=== Exercise details ===
Could you copy exactly the lines from the one containing "Sĩ quan Quân" through the last line of the records below, leaving out any pictures?

········

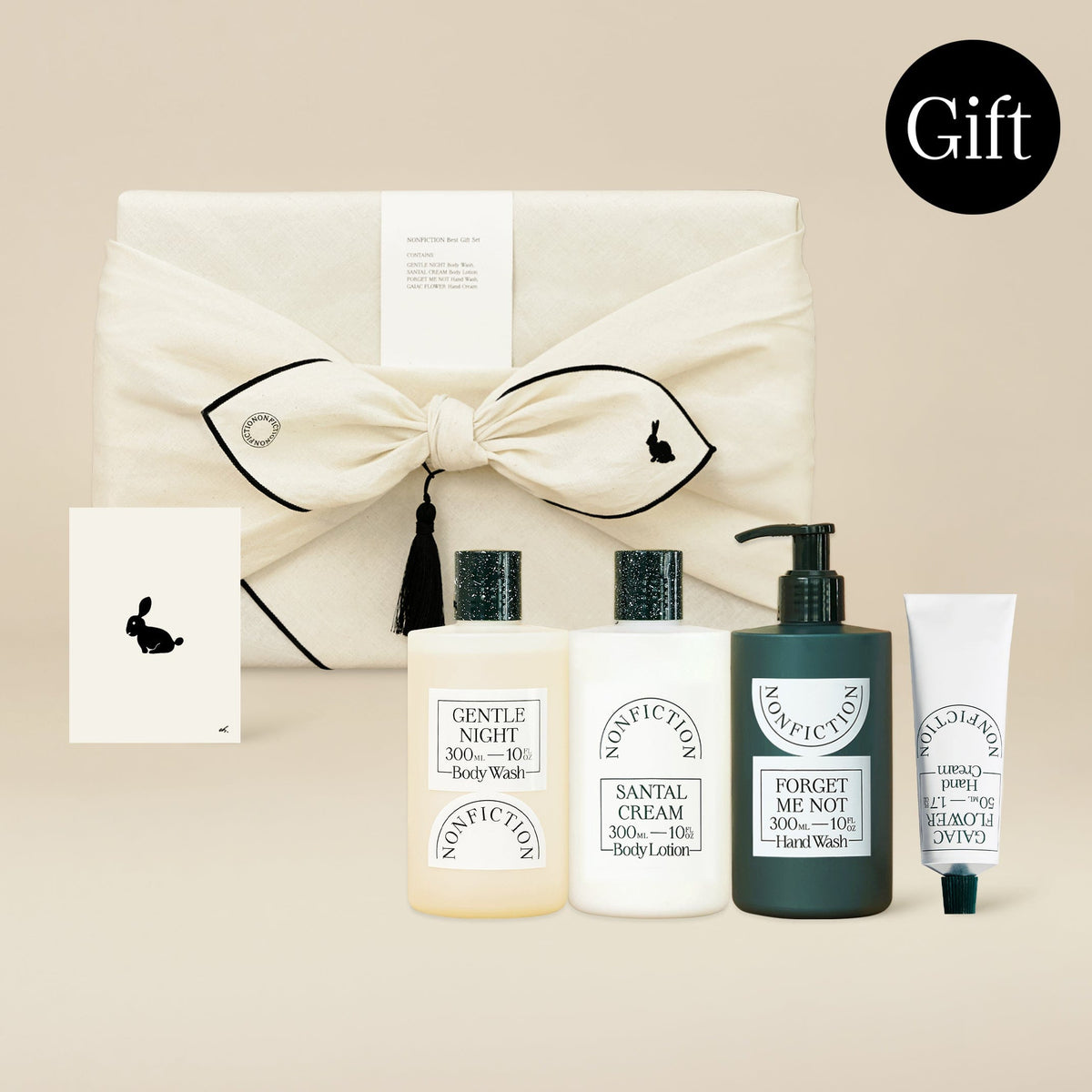 NONFICTION DefaultBundle:8088772477208:6893317521455 [23 New Year] NONFICTION Best Gift Set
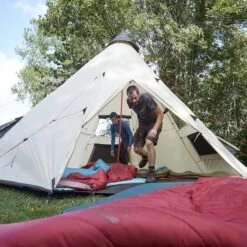 Tappetino Grand Canyon Hattan 5.0 M Blu -Easy Camp Italia grn 350006 006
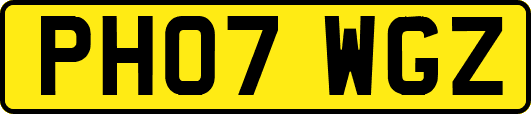 PH07WGZ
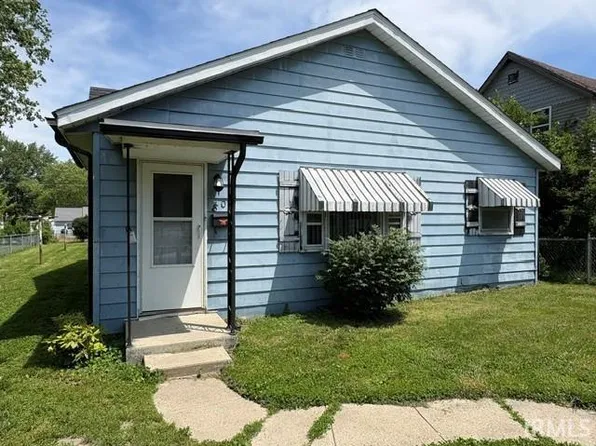 807 E 29th St, Marion, IN 46953
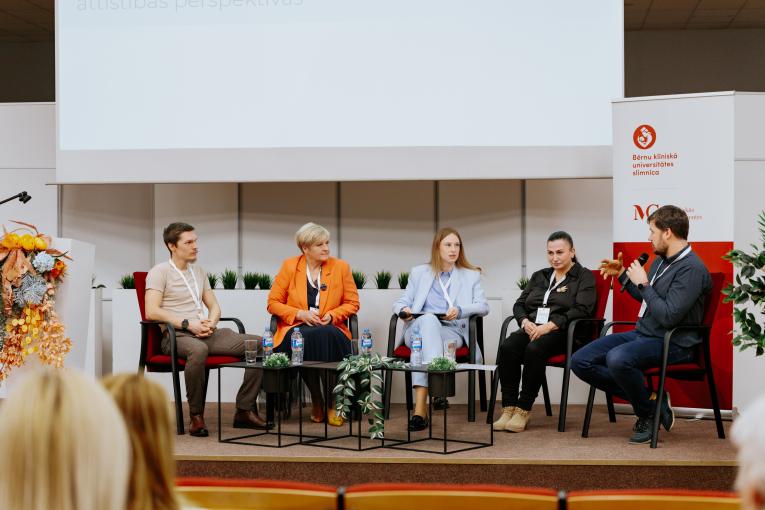 Agrīnās intervences pakalpojumi Latvijā: labā prakse un perspektīvas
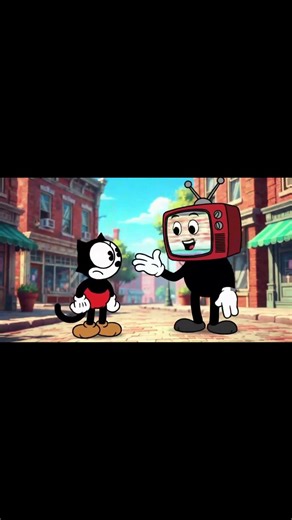 『フェリクスと不思議なリモコン』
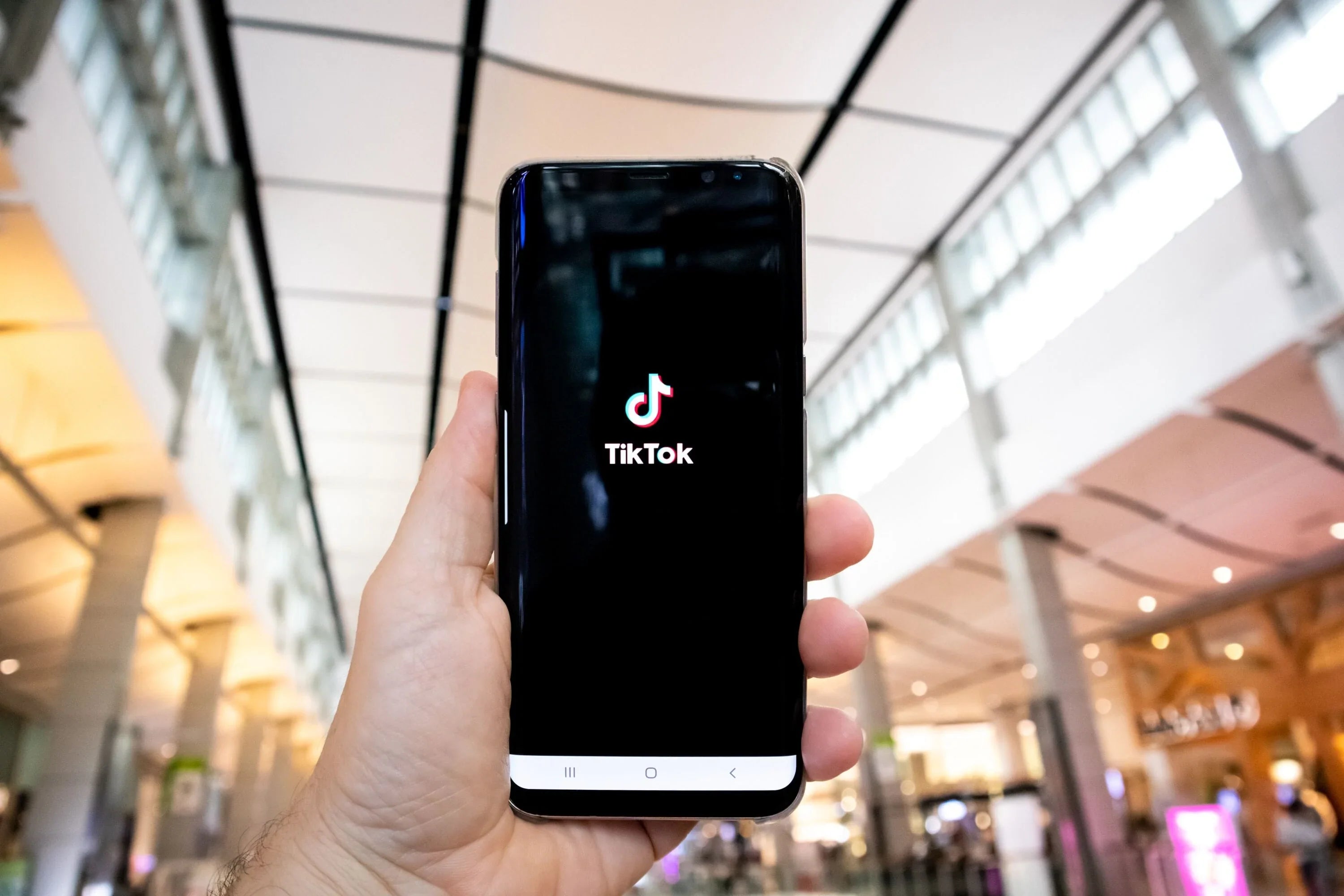 TikTok Shop: a marketplace in disguise?
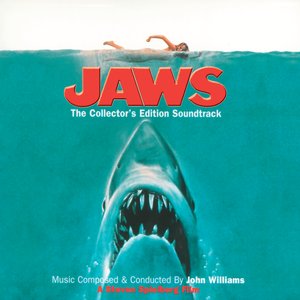 Jaws: The Collector's Edition Soundtrack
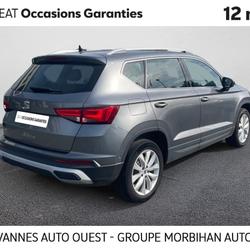 Seat Ateca 1.5 TSI 150 CH ACT START/STOP DSG7 Business Ploeren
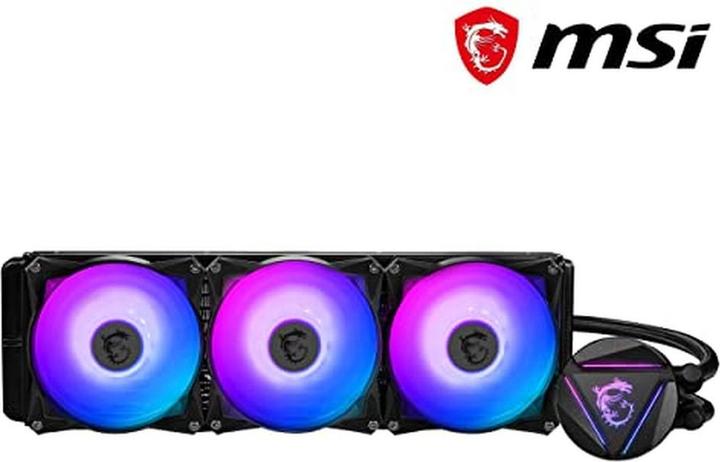 Image du produit MSI MAG CORELIQUID 360R V2
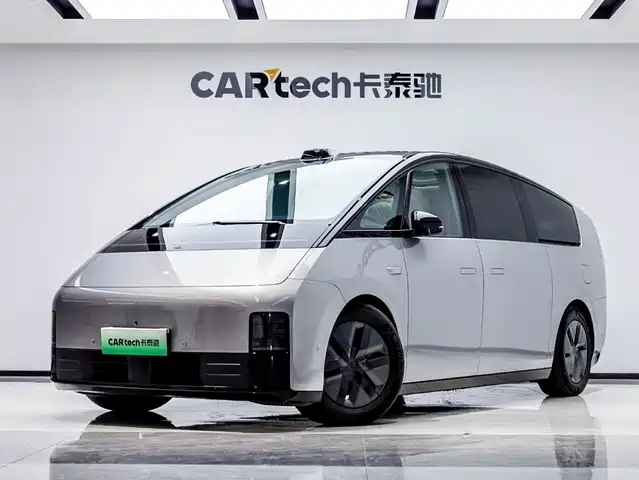 Li Auto MEGA 2024 — купить из Китая под заказ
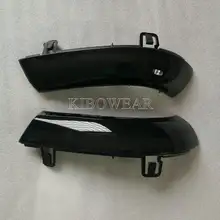 LED Turn Signals VW #5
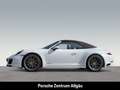 Porsche 991 911 Carrera 4 GTS Cabriolet Naturleder BOSE Weiß - thumbnail 2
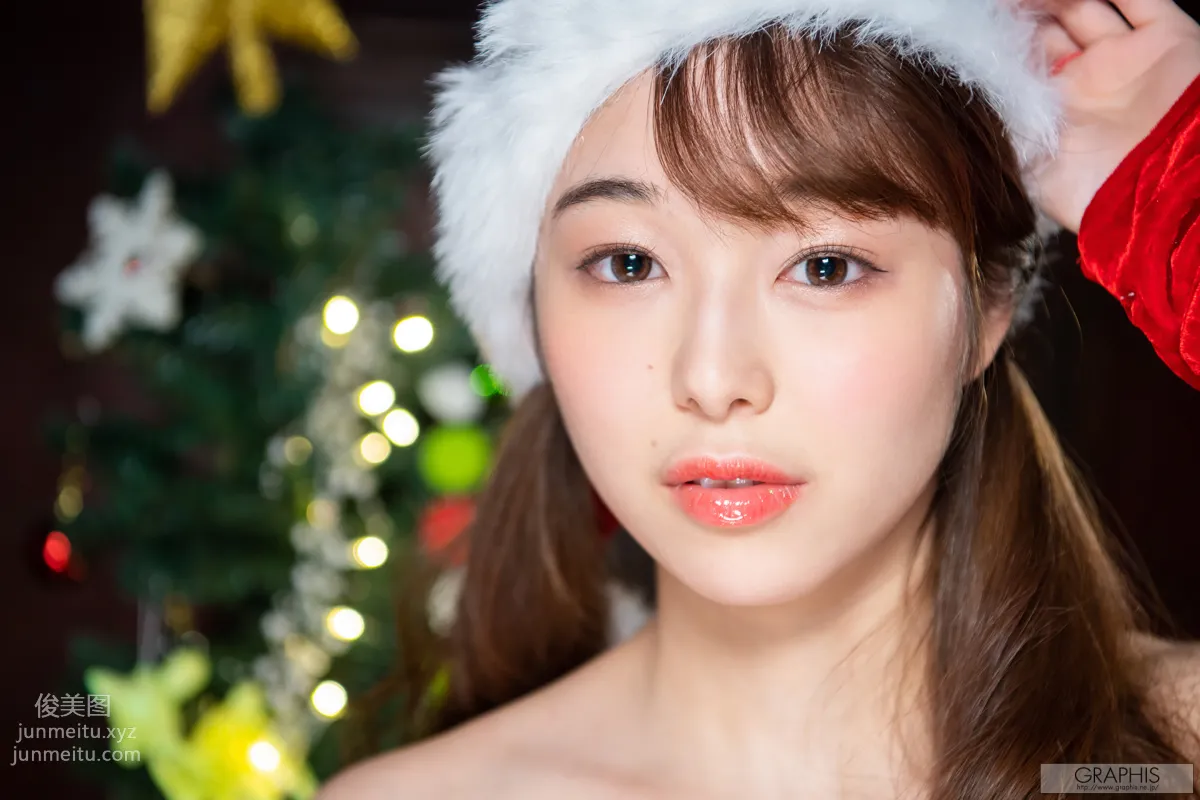 [Graphis] 2019-12-31 Amin Niina Amin Niina Xmas Special 2019! photo 40
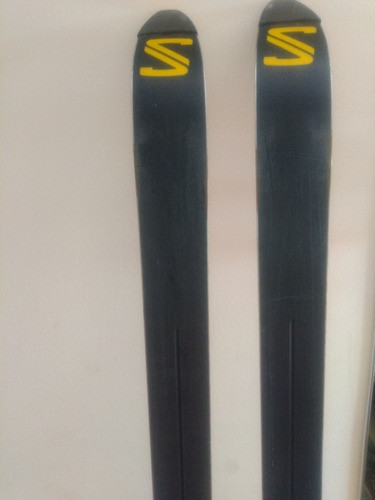 Salomon Ski Equipe 8100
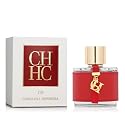 Carolina Herrera 'CH' Eau De Toilette Spray For Women, 3.4 Ounce Beauty & Personal Care Carolina Herrera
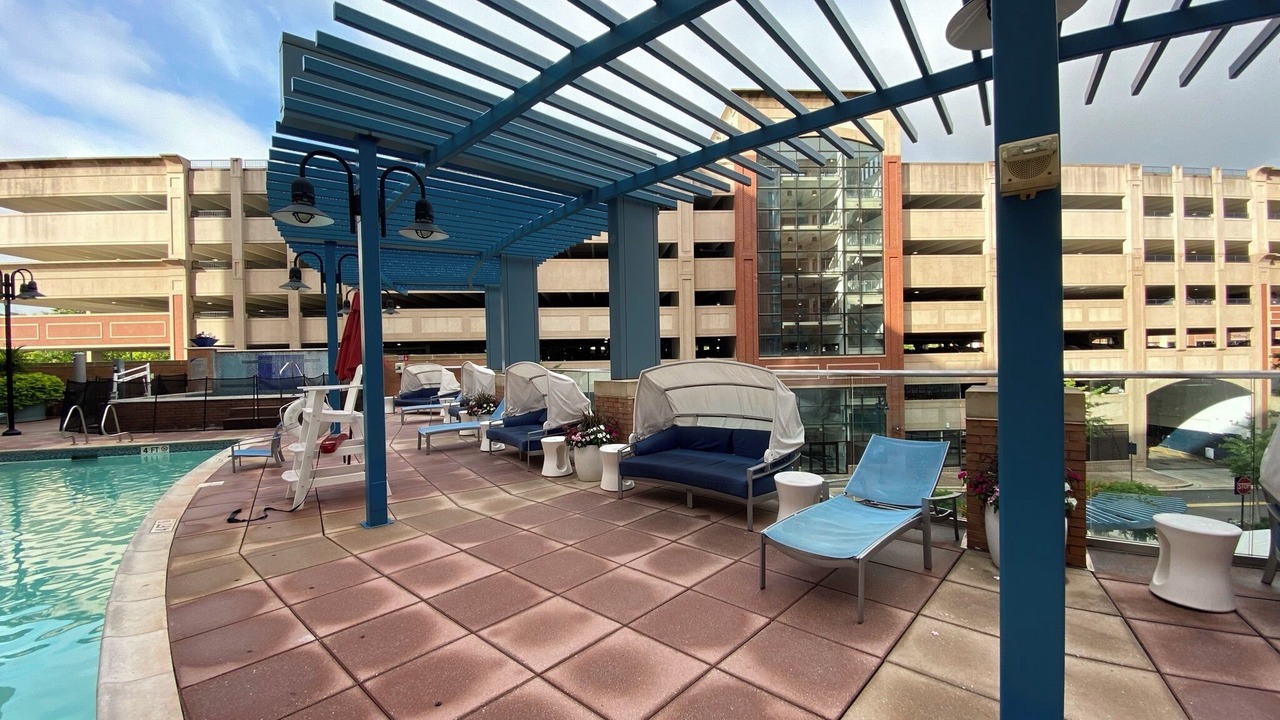 Photo of Outdoor in National Harbor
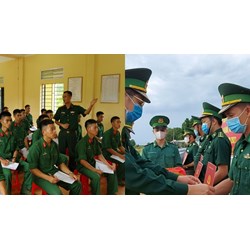 Sĩ quan Quân đội tự ý rời vị trí trực ban có bị truy cứu TNHS?
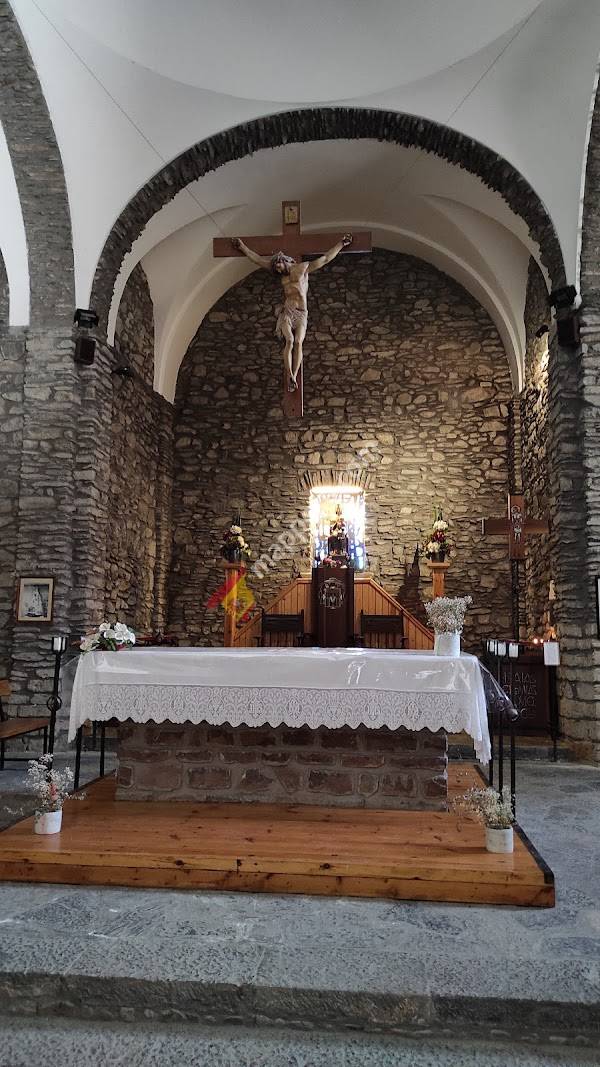 Santuario de Guayente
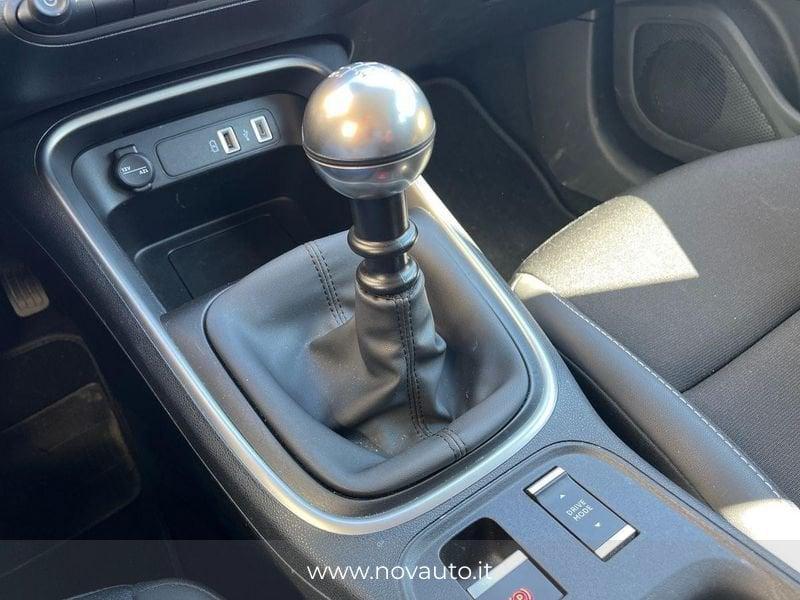 Jeep Avenger 1.2 Turbo Altitude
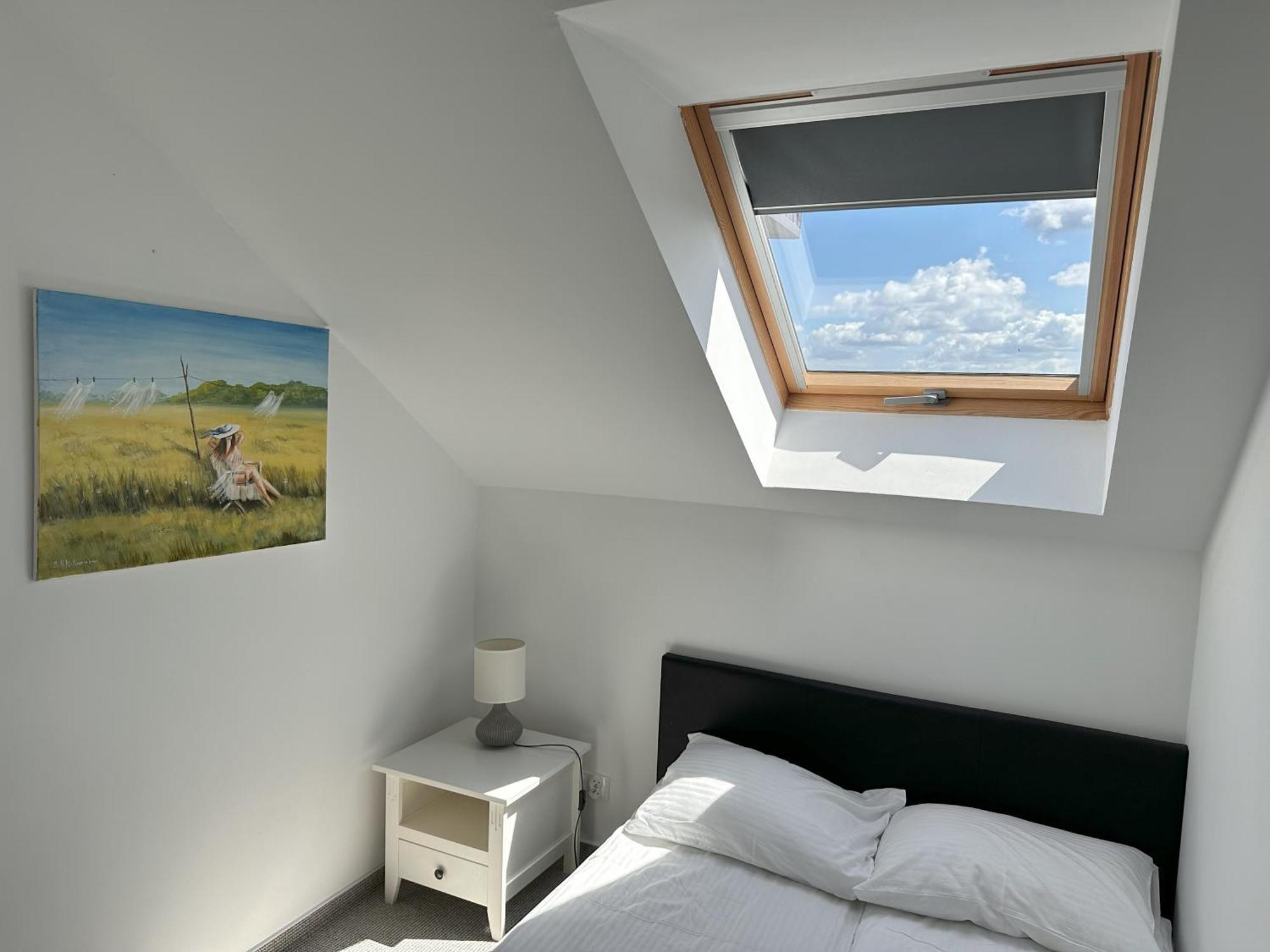 Apartmán Laba Na Milej Leba Exteriér fotografie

········

=== Result of the exercise ===
 Sĩ quan Quân đội tự ý rời vị trí trực ban có bị truy cứu TNHS?
 Santuario de Guayente
 Jeep Avenger 1.2 Turbo Altitude
 Apartmán Laba Na Milej Leba Exteriér fotografie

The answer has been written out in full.